> [Work request]:
Only one stretch of the data is wanted: the line containing "Juego de naipes dorados", the line containing "2 Dellforest Drive, Calamvale QLD 4116", and every line between them, copied exactly.

┌─ Data supplied

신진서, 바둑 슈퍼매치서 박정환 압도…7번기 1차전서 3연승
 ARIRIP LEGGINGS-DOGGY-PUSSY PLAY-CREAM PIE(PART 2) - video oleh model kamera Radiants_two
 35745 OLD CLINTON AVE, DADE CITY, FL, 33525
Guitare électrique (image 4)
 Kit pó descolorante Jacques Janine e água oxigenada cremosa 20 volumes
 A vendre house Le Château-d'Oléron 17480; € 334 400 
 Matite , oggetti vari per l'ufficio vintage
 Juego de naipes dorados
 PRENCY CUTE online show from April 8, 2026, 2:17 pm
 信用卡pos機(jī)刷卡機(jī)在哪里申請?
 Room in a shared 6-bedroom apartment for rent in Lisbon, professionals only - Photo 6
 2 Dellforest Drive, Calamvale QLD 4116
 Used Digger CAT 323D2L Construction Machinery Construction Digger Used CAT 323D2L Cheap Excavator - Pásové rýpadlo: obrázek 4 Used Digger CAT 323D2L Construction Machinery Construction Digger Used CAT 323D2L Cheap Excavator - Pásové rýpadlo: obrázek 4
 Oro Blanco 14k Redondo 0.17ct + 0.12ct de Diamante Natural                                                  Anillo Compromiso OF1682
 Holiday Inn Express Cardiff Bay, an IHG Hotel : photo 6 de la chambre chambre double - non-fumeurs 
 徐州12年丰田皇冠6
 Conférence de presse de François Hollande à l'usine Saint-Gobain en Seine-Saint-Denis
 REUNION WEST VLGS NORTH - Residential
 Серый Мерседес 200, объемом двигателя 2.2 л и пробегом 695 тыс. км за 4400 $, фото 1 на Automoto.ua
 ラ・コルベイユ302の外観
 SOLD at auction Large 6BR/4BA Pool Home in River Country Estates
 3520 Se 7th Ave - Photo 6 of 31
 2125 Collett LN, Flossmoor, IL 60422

└─

> [Written answer]:
 Juego de naipes dorados
 PRENCY CUTE online show from April 8, 2026, 2:17 pm
 信用卡pos機(jī)刷卡機(jī)在哪里申請?
 Room in a shared 6-bedroom apartment for rent in Lisbon, professionals only - Photo 6
 2 Dellforest Drive, Calamvale QLD 4116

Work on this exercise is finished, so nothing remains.